DATASET SECTION =
<<<<

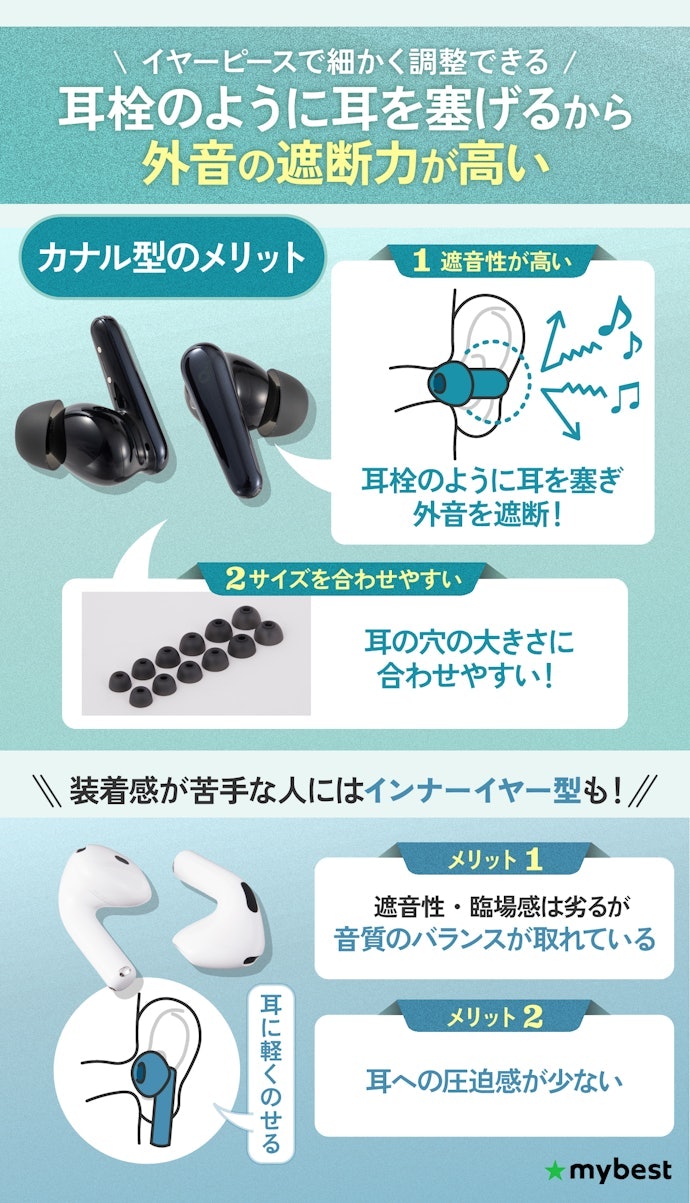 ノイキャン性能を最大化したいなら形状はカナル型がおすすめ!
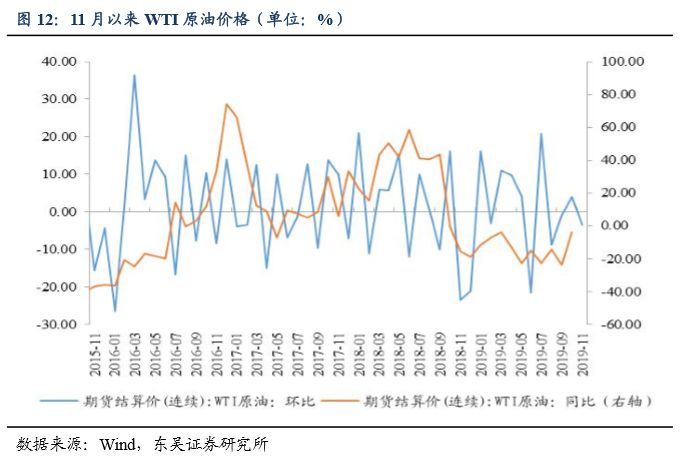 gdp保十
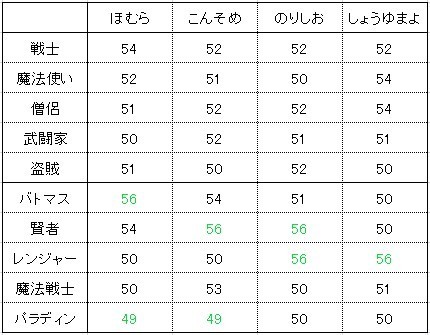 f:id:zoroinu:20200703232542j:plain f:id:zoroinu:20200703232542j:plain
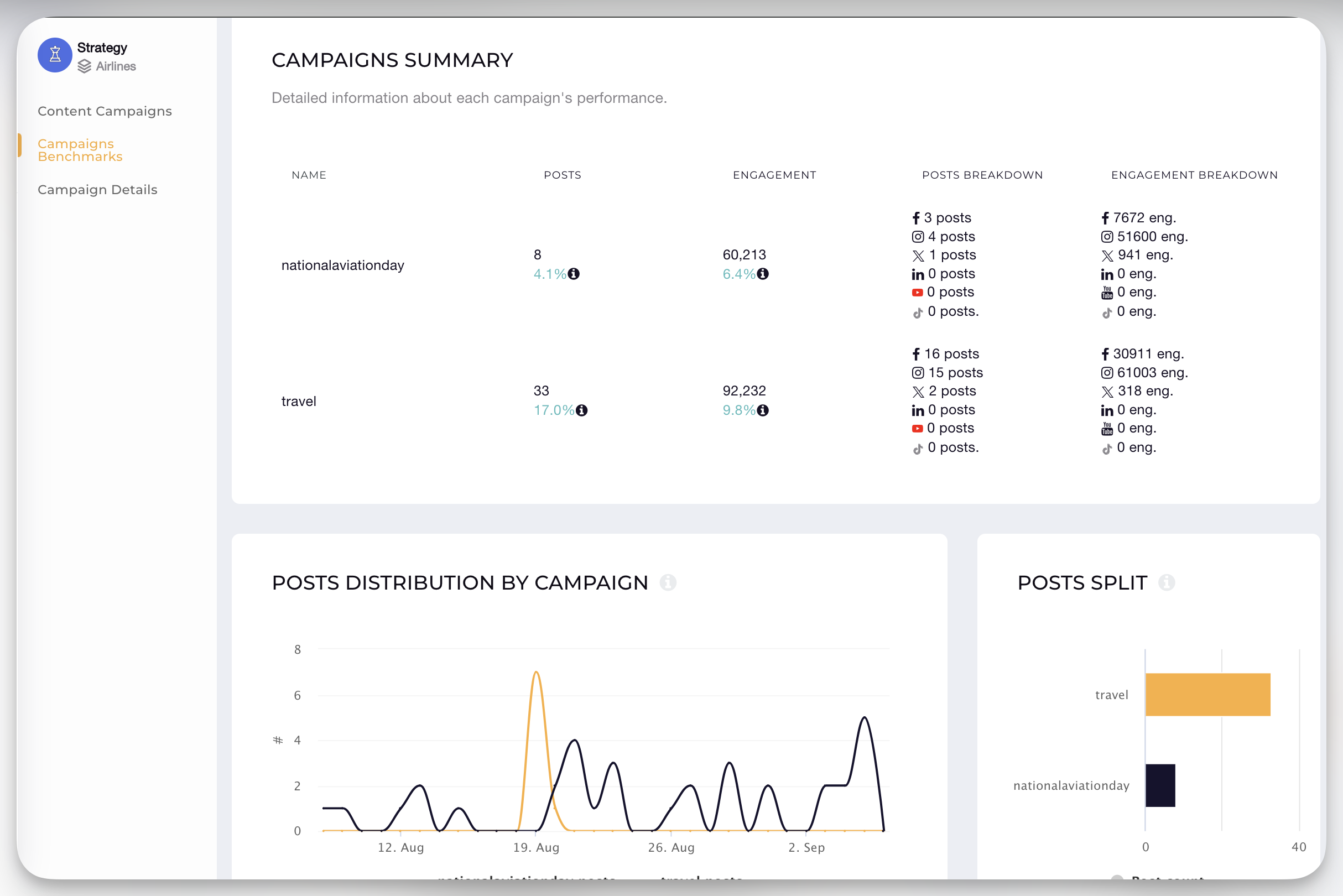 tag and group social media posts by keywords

>>>>

ACTION ITEM = Reproduce every line of the material above, but drop the pictures.

RESULT FOR THIS EXERCISE =
 ノイキャン性能を最大化したいなら形状はカナル型がおすすめ!
 gdp保十
 f:id:zoroinu:20200703232542j:plain f:id:zoroinu:20200703232542j:plain
 tag and group social media posts by keywords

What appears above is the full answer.